#### Data shown:

=== Section Start ===

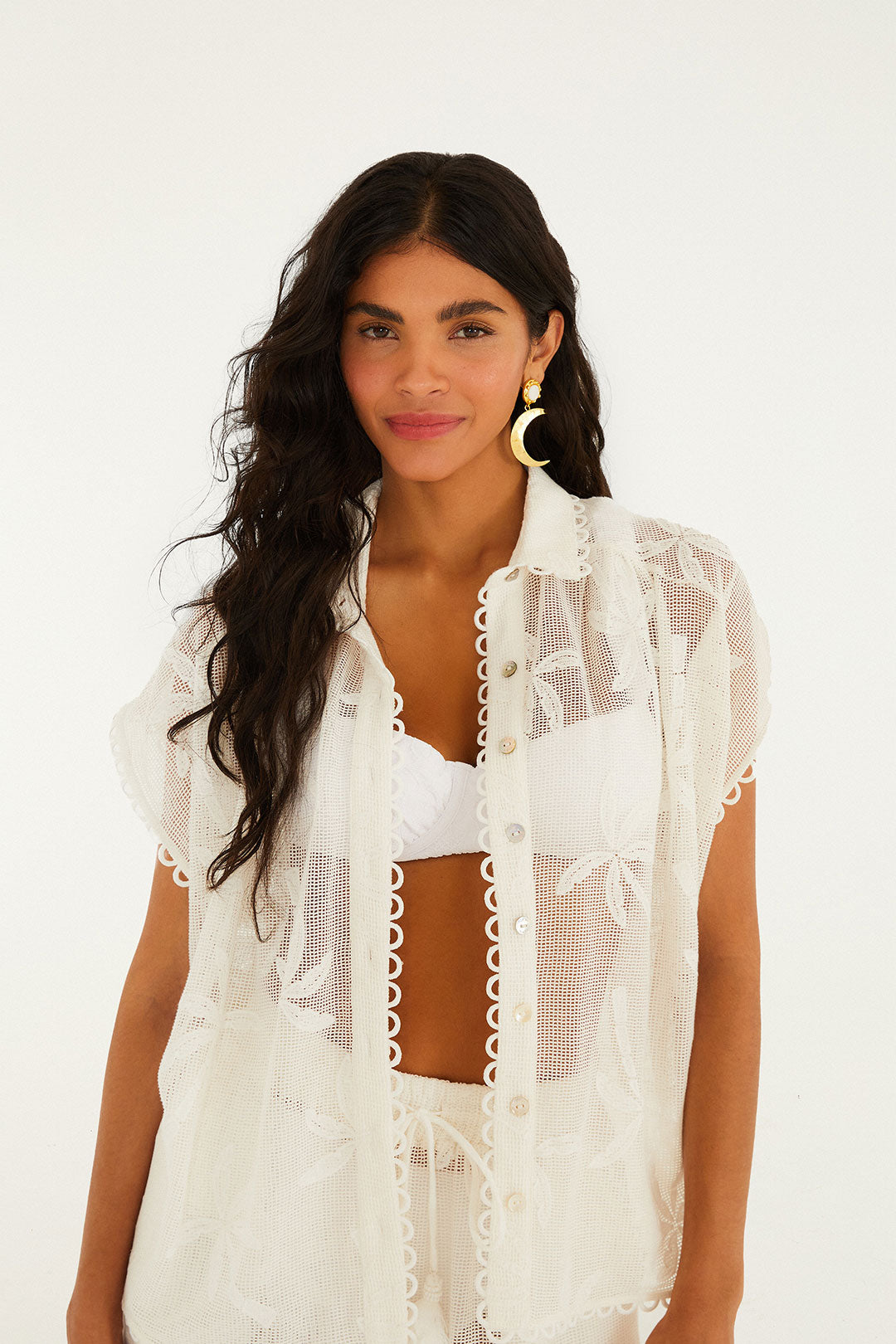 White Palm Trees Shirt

=== Section End ===
=== Section Start ===

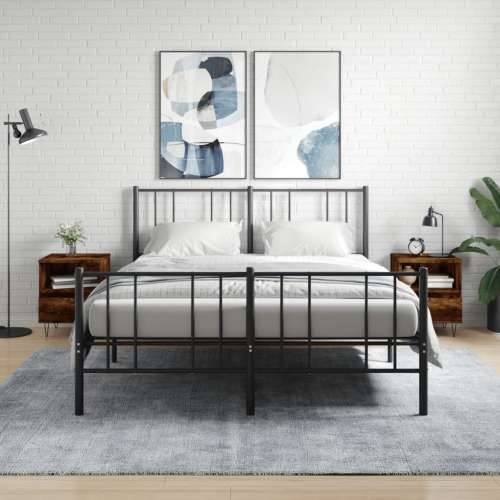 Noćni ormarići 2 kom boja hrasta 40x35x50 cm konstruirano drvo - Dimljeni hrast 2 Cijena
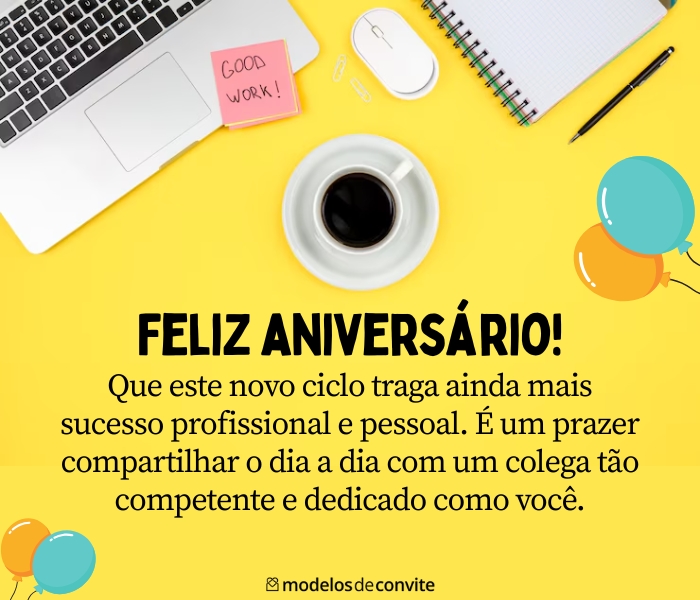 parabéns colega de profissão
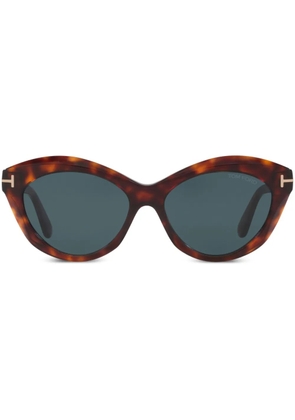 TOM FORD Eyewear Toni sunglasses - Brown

=== Section End ===
=== Section Start ===

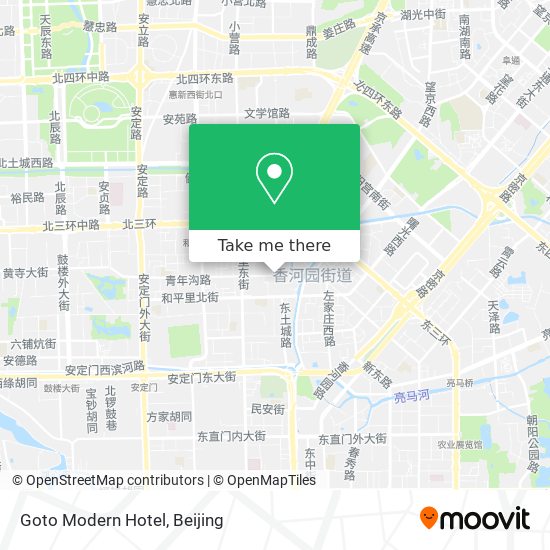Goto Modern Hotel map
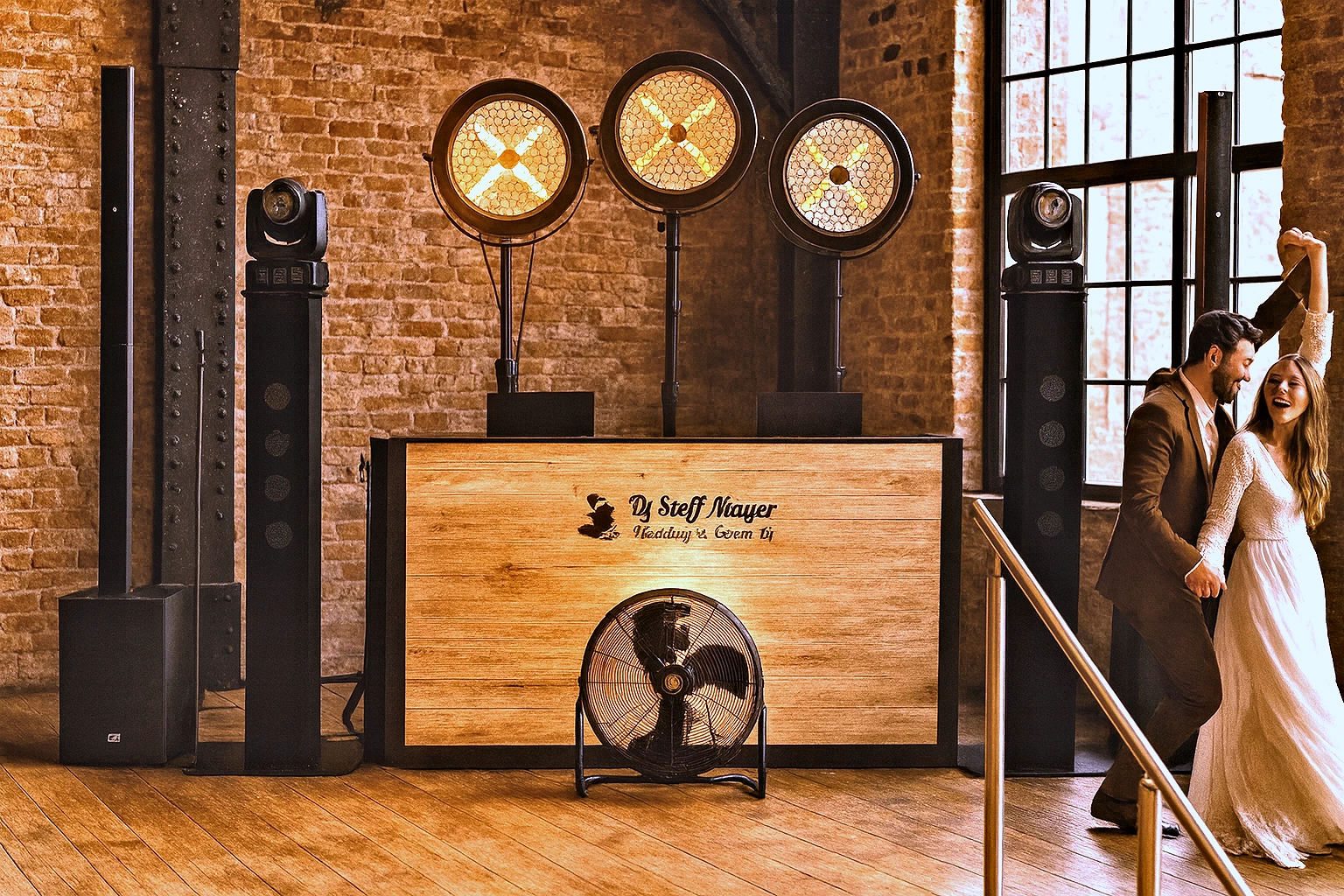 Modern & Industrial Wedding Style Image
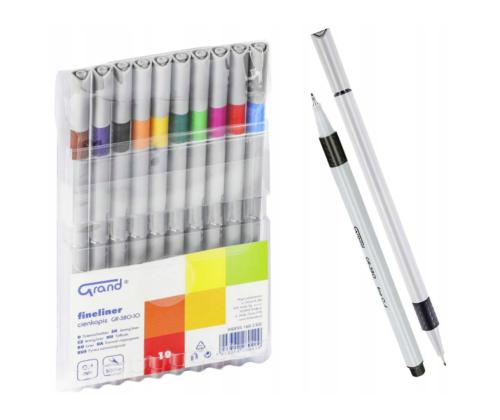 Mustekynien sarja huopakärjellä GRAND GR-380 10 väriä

=== Section End ===

A verbatim reproduction is expected: starting at the line above that has "Modern & Industrial Wedding Style Image", ending at the line that has "Mustekynien sarja huopakärjellä", both included, and with no pictures and no other lines.

 Modern & Industrial Wedding Style Image
 Mustekynien sarja huopakärjellä GRAND GR-380 10 väriä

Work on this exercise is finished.